Prece de um cão abandonado

Thor estava já há alguns dias circulando próximo de nossa casa. Num domingo, a vê-lo faminto próximo do muro, providenciei algo para que se alimentasse. Comeu com tanta vontade que parecia estar já há dias sem se alimentar. Duas semanas depois, chegando do trabalho, vi que estava deitado na calçada da vizinha da frente. Dava piedade de vê-lo, em pele e osso, a ponto de mal poder ficar sobre as patas. Foi chocante! Corri buscar uma panela de ração para lhe dar de comer. Repeti por duas vezes a dose. Estava, creio, no seu limite. Movia-se com muita dificuldade. Desde então, passei a tratá-lo regularmente.
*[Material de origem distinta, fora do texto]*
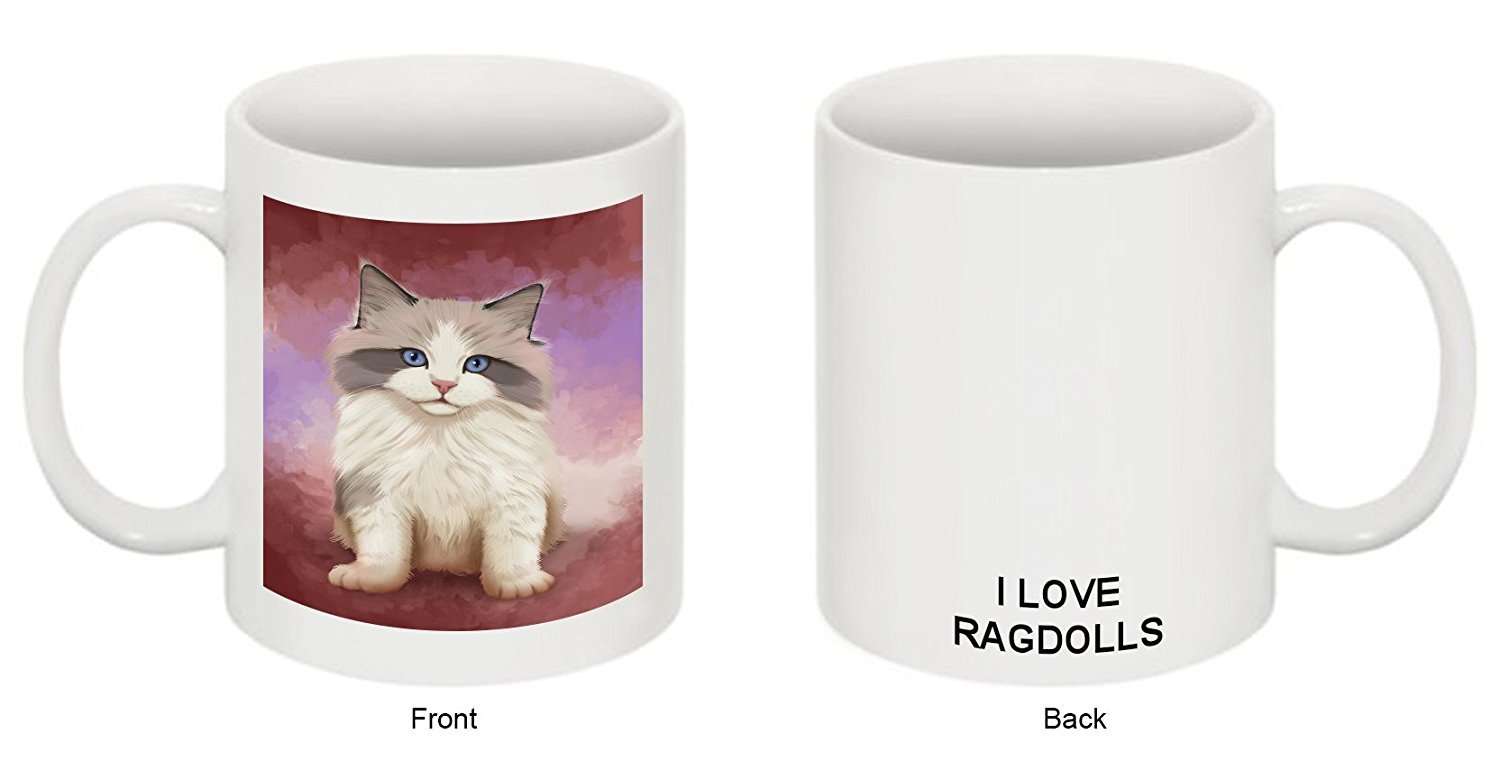 Ragdoll Kitten Mug Mug48067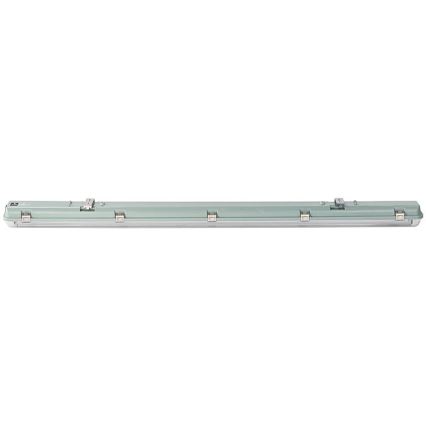 Heavy-duty fluorescent light T8 2xG13/18W/230V IP65 126 cm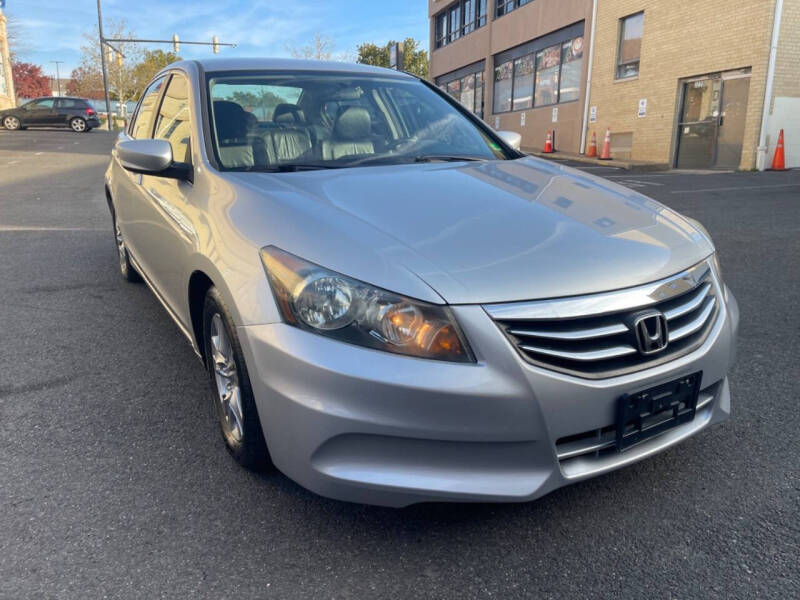 2012 Honda Accord SE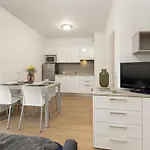 Prague City Residence Apart-hotel Praga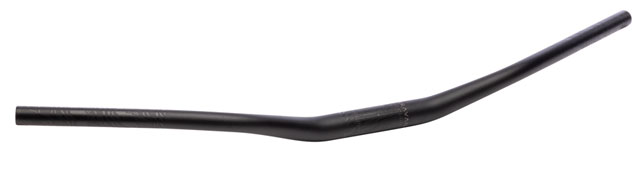 Teravail Swale Handlebar - Aluminum, 31.8mm, 820mm, Black, 38mm Rise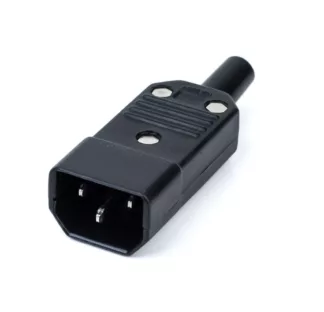Accesorios Iluminación Conector Trip Macho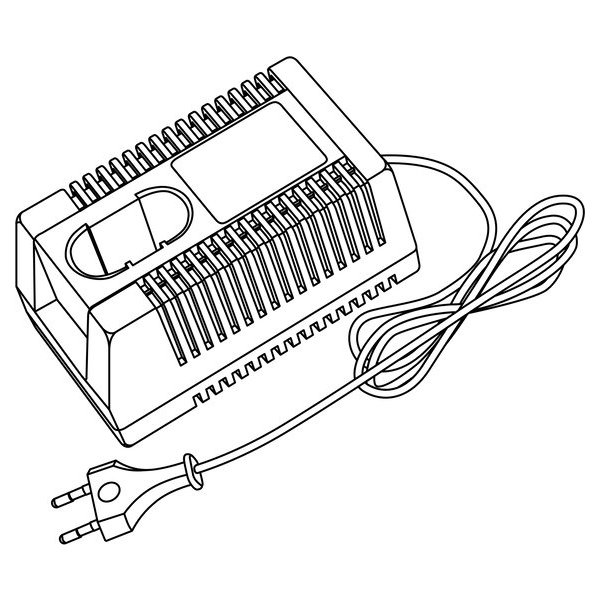 Зарядное устройство RAUTOOL A-One 230В купить в Екатеринбурге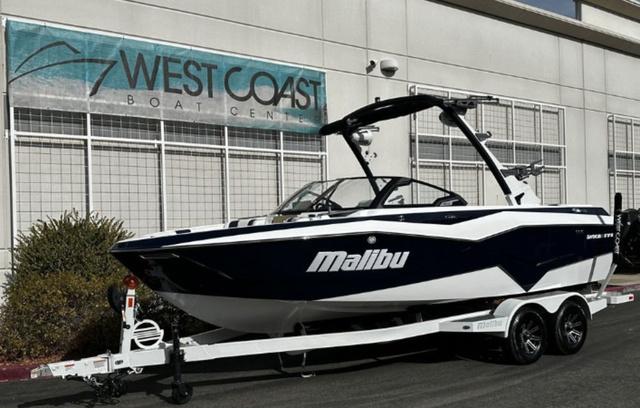 2025 Malibu Wakesetter 22 LSV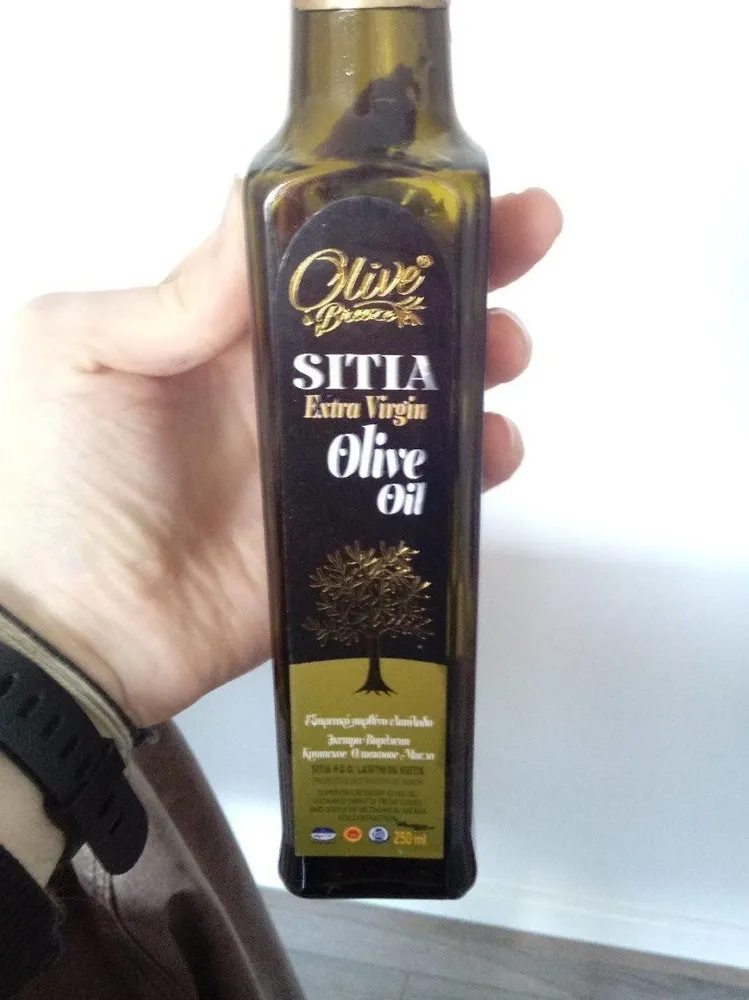 Sitia extra Virgin olive oil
Providenciei medicamento para eliminar os parasitas que já se mostravam em alguns ferimentos. Ontem a noite, ameaçando chover, deixamos o Mike numa área do quintal e Thor ficou alojado na entrada da igreja. Depois de muito tempo, com certeza, pode ter uma noite de sono mais tranqüilo, protegido, alimentado e medicado. Pela manhã, mais uma refeição reforçada e já estava pulando e latindo, feliz e agradecido. Não resisti: fui a uma boa clínica veterinária de Forquilhinhas e tratei para que fossem buscá-lo para uma consulta, tratamento de seus ferimentos e um bom banho.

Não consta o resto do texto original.